A team consisting of people from the University of Tübingen, the Max Planck Institute for the Science of Human History, the University of Cambridge, the Museum and Institute of Zoology (Polish Academy of Sciences), the Berlin Society of Anthropology, Ethnology and Prehistory and the University of Adelaide has recently published a very interesting genetic study of ancient Egyptian mummies in Nature.

According to the authors, previous studies suffered from possible contamination due to the type of method used: direct PCR and it was generally believed that the climate and mode of mummification destroyed any chance of finding good human DNA.

The authors studied 150 mummified individuals using a high-throughput DNA sequencing method and selecting 90 individuals for further study. The samples obtained span around 1,300 years of Ancient Egypt, namely the Pre-Ptolemaic (New Kingdom, Third Intermediate Period and Late Period), Ptolemaic and Roman periods.

The authors’ conclusion was:

We find that all three ancient Egyptian groups cluster together, supporting genetic continuity across our 1,300-year transect. Both analyses reveal higher affinities with modern populations from the Near East and the Levant compared to modern Egyptians.

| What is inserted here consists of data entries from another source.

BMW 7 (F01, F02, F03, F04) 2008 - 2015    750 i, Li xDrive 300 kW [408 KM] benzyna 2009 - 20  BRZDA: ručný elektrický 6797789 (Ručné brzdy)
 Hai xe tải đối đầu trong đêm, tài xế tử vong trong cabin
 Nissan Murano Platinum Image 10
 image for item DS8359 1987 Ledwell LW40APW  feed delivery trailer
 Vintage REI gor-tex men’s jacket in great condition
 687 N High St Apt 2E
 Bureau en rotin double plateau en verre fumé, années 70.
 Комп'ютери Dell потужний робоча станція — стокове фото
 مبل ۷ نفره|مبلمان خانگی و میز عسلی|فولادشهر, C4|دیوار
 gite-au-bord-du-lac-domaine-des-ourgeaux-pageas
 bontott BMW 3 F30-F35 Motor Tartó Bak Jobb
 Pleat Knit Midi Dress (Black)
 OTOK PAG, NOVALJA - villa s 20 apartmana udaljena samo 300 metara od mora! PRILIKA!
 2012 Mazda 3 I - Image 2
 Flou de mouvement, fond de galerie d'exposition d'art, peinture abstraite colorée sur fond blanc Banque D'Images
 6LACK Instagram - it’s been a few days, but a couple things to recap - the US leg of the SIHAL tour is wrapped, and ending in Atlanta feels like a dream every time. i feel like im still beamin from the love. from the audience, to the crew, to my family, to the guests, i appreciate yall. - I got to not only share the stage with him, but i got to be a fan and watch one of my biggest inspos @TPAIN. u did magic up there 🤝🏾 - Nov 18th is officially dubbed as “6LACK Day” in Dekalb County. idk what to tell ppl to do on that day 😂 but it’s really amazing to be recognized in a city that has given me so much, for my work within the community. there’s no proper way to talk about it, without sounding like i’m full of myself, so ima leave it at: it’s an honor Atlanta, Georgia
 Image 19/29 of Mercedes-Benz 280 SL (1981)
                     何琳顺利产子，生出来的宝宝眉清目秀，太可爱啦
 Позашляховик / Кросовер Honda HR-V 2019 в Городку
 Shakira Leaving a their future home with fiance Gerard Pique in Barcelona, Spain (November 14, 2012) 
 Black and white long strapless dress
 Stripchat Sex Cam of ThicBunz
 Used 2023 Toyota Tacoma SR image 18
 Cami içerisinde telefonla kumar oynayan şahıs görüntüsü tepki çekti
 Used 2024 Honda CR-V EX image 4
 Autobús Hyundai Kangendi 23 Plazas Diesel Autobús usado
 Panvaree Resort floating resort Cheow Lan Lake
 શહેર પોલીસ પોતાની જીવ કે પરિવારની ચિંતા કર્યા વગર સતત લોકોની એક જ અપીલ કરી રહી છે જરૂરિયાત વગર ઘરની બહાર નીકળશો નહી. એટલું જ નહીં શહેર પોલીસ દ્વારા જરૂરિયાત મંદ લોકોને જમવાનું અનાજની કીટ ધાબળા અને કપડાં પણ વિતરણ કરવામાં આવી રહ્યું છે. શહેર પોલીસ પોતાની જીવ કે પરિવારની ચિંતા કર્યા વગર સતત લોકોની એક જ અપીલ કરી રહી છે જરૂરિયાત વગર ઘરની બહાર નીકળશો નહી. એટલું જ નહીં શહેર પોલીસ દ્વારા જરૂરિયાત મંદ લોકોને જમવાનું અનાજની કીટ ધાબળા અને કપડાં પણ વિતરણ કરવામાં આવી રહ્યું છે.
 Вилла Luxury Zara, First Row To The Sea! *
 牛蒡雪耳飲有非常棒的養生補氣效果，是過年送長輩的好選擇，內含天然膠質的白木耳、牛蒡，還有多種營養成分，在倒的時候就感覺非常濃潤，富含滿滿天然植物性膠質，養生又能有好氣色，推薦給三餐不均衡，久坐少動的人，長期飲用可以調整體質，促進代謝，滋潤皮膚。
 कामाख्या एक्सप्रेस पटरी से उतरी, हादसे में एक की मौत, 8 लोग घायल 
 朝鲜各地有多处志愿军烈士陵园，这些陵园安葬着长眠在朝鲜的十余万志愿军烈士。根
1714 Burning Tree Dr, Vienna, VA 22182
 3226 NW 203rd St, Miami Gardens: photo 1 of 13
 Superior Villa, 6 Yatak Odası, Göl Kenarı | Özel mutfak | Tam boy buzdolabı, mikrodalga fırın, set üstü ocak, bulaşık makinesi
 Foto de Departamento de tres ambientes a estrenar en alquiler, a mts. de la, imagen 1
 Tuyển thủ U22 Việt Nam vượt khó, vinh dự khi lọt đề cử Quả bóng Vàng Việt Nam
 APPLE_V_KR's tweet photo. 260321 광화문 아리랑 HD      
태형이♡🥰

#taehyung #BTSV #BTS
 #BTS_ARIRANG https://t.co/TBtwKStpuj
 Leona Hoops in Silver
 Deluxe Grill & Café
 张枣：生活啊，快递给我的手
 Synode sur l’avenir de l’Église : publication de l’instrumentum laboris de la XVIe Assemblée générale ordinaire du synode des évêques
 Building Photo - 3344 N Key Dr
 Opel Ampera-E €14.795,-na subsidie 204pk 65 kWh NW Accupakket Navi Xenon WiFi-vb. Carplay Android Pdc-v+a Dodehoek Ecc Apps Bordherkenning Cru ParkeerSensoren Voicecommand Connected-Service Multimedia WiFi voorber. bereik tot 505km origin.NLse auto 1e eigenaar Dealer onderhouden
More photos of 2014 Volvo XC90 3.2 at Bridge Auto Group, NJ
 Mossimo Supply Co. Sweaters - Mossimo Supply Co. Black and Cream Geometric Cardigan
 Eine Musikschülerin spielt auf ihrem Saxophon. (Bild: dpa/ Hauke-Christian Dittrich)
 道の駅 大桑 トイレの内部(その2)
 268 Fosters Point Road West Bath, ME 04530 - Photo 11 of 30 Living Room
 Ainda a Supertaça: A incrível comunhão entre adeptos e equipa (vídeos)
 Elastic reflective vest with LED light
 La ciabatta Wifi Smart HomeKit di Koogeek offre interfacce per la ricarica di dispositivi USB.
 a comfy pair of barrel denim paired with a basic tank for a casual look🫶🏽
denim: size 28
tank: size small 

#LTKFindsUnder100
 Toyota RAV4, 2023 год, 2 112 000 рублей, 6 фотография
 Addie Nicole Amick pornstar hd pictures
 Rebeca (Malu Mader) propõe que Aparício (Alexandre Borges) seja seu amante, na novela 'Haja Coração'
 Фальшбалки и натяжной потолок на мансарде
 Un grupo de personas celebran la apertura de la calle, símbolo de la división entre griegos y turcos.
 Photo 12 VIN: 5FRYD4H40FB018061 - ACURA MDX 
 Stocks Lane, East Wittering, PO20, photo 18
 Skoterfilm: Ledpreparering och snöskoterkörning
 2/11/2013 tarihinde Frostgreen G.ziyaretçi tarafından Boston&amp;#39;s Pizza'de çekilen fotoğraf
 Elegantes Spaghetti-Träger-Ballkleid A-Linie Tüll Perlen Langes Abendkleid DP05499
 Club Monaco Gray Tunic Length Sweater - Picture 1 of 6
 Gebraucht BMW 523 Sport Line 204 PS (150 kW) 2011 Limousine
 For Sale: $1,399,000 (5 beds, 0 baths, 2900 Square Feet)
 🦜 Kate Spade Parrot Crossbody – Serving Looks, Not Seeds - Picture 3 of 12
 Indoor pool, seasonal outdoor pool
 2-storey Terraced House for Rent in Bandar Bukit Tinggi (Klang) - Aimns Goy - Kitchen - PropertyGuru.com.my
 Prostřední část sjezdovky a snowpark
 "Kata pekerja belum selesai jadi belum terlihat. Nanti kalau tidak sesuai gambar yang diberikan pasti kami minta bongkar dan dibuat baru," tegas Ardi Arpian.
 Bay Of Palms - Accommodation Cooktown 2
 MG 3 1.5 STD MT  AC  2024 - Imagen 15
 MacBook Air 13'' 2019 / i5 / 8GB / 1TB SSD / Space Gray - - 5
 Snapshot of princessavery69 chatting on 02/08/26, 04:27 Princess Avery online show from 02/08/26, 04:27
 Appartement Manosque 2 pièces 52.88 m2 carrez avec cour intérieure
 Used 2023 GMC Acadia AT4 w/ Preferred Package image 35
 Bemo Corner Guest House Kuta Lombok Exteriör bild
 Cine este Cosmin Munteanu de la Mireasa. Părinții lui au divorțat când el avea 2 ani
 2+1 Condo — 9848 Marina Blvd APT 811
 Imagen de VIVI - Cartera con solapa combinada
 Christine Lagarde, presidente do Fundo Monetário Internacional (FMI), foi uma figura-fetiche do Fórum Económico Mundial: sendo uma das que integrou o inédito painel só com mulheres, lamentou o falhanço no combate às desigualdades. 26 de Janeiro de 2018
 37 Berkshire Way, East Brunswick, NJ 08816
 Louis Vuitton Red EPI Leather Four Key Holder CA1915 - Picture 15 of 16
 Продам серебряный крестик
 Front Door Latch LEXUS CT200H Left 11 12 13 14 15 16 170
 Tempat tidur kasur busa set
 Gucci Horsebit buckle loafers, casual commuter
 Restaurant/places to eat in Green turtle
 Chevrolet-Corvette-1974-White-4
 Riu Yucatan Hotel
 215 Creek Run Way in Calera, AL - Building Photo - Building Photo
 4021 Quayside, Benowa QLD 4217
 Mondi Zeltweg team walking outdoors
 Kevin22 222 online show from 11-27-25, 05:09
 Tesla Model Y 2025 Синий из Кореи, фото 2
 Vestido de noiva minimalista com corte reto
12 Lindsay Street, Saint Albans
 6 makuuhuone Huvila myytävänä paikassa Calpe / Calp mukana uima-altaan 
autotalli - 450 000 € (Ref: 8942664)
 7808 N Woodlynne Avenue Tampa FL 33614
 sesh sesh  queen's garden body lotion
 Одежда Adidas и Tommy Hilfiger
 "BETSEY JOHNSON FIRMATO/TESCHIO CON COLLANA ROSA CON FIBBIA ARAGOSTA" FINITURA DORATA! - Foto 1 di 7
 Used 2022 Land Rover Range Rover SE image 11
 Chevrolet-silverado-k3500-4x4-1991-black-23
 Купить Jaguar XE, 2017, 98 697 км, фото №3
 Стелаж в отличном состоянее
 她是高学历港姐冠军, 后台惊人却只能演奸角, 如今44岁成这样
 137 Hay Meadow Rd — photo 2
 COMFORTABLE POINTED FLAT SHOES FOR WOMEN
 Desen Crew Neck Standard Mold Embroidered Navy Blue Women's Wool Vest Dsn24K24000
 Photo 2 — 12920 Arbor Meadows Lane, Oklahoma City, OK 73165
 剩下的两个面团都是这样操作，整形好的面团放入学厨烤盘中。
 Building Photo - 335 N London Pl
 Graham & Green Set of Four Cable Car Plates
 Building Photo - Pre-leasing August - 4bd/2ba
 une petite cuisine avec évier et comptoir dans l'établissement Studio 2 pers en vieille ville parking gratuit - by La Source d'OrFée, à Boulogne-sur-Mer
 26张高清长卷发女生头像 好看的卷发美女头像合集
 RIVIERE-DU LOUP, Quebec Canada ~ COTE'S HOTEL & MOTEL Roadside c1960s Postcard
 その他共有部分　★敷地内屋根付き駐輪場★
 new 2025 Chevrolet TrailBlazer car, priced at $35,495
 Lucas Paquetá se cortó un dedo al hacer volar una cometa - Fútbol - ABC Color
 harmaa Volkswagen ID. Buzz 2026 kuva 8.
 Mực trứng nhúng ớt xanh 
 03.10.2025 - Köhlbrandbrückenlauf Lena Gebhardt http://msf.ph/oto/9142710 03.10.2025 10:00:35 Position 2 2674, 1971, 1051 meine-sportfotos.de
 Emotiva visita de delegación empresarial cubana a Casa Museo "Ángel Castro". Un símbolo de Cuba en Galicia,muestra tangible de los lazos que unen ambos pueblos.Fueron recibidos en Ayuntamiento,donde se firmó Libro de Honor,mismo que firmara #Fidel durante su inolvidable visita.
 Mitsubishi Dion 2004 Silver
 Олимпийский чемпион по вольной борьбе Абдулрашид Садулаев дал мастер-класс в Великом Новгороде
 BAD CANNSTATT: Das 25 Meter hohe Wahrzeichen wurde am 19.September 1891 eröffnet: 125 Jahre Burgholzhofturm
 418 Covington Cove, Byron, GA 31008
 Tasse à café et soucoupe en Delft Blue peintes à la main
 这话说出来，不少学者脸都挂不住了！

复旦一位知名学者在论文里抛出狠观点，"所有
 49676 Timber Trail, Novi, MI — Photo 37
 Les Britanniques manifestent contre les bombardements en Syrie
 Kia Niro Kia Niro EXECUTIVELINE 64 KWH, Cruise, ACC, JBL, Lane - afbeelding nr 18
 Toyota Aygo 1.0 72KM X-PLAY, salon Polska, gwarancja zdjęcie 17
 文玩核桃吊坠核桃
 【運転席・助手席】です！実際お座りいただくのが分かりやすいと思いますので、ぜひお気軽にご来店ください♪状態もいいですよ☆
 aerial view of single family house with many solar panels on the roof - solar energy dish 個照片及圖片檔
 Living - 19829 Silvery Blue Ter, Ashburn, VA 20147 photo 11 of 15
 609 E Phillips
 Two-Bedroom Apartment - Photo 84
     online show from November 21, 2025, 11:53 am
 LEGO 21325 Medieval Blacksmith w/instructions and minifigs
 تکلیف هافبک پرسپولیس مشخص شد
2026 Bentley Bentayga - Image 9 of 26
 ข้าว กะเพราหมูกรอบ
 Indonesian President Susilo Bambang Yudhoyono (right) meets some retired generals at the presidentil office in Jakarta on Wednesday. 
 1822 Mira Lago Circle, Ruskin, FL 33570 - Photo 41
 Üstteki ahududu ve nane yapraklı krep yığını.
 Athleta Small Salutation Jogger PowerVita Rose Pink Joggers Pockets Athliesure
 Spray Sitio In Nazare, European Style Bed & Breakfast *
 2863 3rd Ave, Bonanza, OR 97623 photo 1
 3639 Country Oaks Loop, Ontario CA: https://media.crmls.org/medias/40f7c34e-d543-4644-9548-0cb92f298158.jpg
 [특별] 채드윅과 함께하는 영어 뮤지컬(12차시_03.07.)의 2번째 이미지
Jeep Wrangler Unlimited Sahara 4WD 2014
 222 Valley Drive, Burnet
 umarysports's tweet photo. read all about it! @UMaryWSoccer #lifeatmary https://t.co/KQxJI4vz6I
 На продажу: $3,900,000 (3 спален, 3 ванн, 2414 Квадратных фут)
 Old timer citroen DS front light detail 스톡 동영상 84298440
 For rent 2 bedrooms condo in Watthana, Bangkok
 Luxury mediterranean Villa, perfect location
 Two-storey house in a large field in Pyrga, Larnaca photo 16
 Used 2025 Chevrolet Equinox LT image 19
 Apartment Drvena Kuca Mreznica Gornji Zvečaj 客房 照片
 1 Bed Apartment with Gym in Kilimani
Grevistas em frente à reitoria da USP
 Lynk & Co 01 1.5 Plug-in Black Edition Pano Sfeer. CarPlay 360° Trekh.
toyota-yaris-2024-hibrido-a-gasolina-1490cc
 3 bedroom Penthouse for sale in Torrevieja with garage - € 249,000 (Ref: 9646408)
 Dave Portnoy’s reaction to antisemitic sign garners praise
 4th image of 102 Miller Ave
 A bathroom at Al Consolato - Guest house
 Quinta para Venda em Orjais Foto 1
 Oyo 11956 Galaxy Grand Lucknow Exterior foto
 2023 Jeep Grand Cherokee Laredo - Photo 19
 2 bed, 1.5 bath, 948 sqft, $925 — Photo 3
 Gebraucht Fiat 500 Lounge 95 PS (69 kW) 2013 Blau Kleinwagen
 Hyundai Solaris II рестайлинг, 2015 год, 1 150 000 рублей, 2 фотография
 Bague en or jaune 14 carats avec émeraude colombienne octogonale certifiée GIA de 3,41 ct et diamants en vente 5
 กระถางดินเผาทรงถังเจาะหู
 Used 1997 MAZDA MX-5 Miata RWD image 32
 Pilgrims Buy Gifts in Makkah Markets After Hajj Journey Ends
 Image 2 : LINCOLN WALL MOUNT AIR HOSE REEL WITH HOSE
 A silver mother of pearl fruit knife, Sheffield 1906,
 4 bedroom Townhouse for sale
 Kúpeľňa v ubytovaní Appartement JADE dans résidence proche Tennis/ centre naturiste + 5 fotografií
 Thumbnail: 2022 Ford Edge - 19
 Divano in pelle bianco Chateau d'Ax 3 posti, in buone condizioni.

One interesting note is: While this result by itself does not exclude the possibility of much older and continuous gene flow from African sources, the substantially lower African component in our ∼2,000-year-old ancient samples suggests that African gene flow in modern Egyptians occurred indeed predominantly within the last 2,000 years.

Basically, if the population studied is representative of the all of the people in Ancient Egypt, the conclusion is that they were not Africans and that modern Egyptians share more genes with African populations than their ancestors.